* PROVIDED MATERIAL *
=======
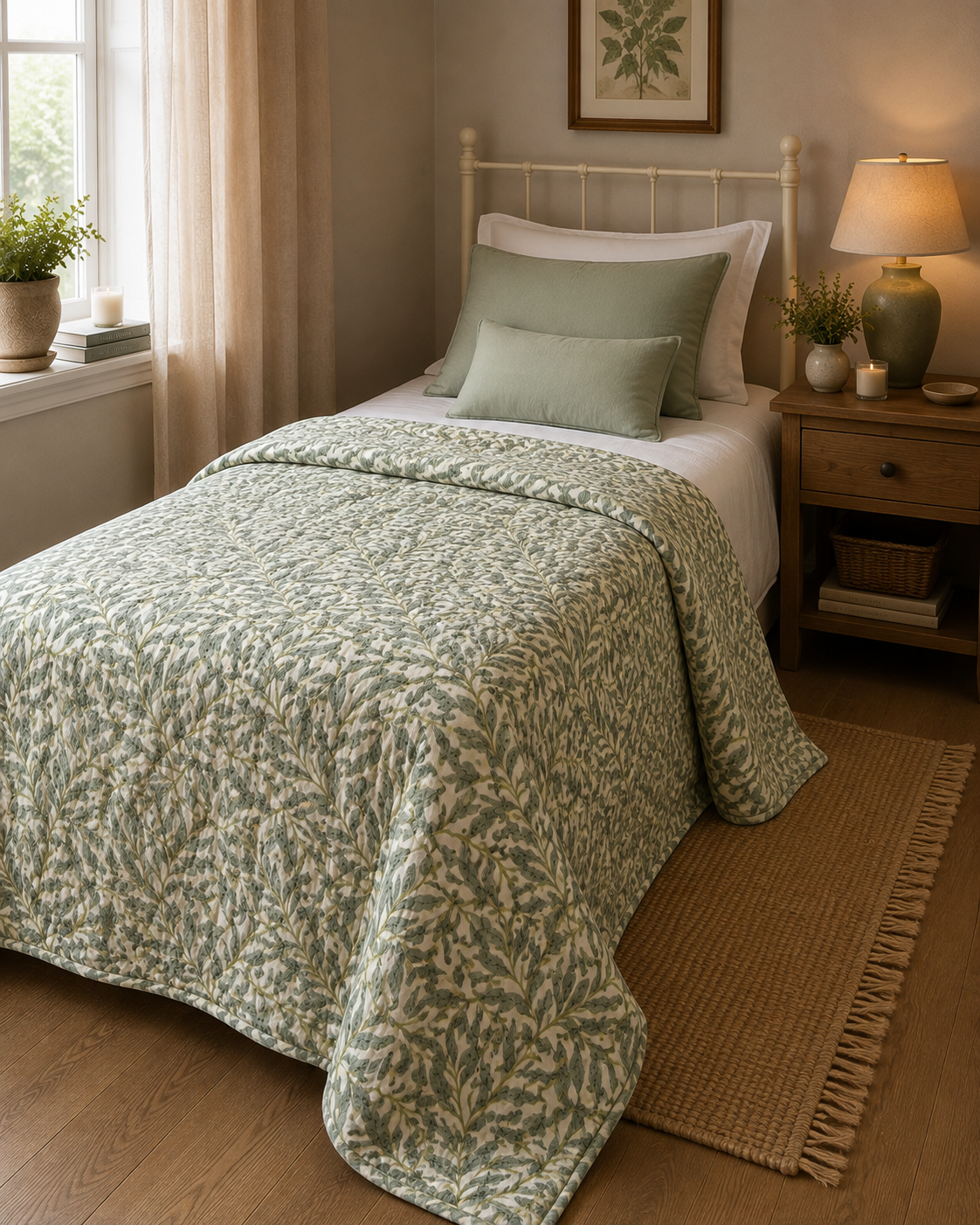 nesbel-wohndecke-quilt-optik-baumwolle-140x180-atmungsaktiv image 3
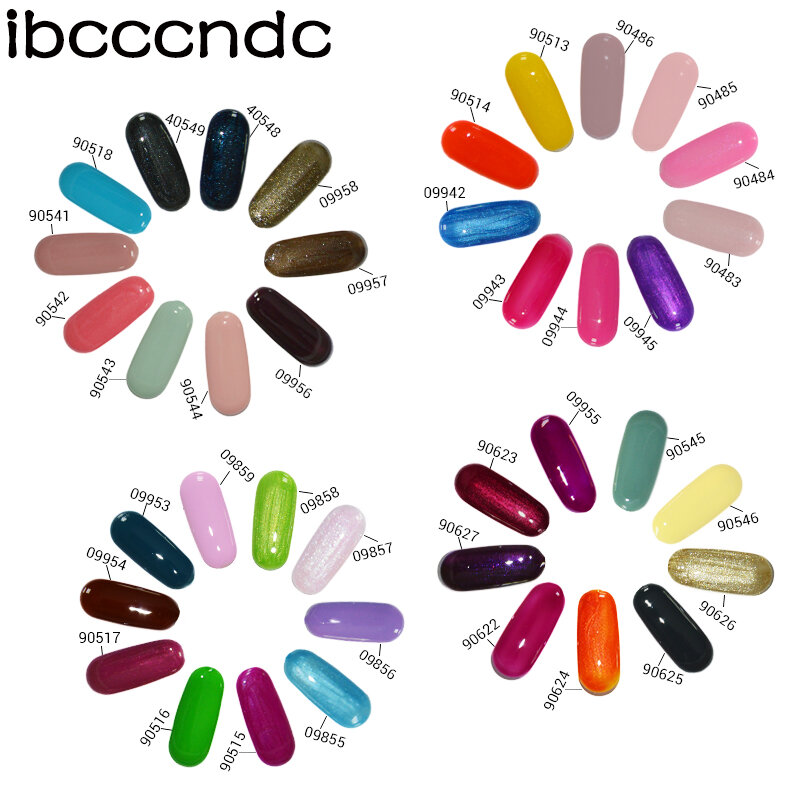 Hurtownie najnowszy IBCCCNDC Soak Off profesjonalny Pure Color lakier piękno powłoki lakier do paznokci żel 1 sztuk/partia 90544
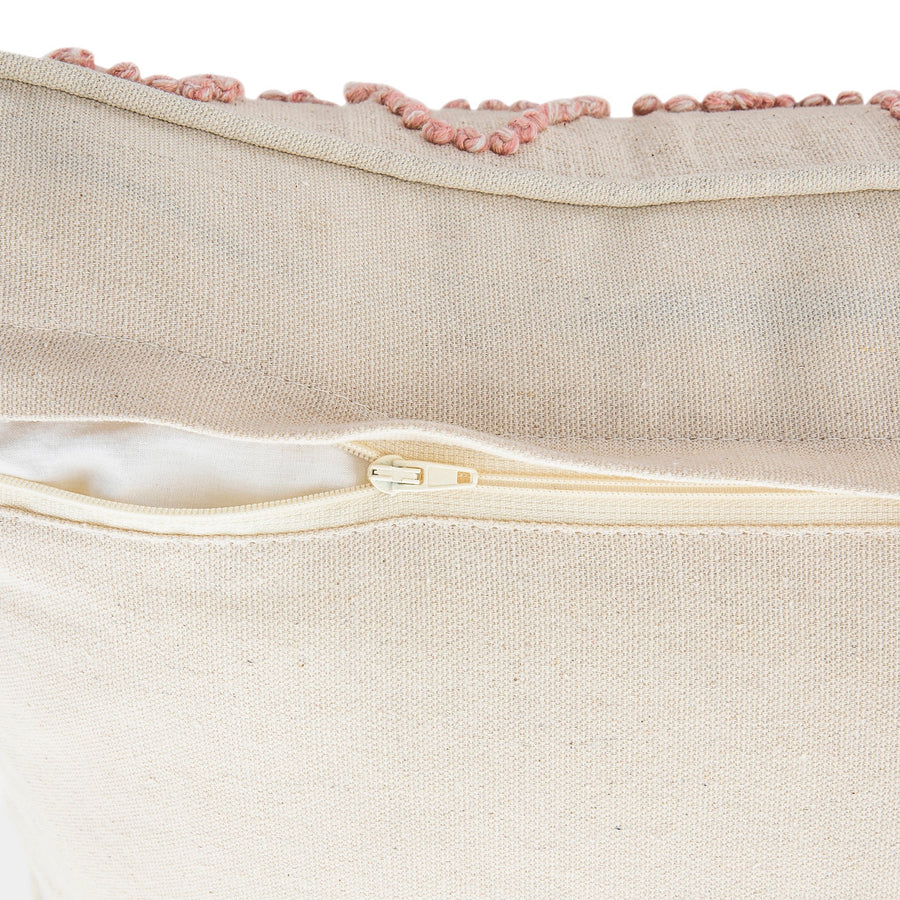 Dulcie Pink Wool French Knot Cushion - daals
=======
* WHAT THE TASK REQUIRES *
The material is to be reproduced verbatim, and no picture may appear in the copy.

* OUTPUT OF THE TASK *
 nesbel-wohndecke-quilt-optik-baumwolle-140x180-atmungsaktiv image 3
 Hurtownie najnowszy IBCCCNDC Soak Off profesjonalny Pure Color lakier piękno powłoki lakier do paznokci żel 1 sztuk/partia 90544
 Dulcie Pink Wool French Knot Cushion - daals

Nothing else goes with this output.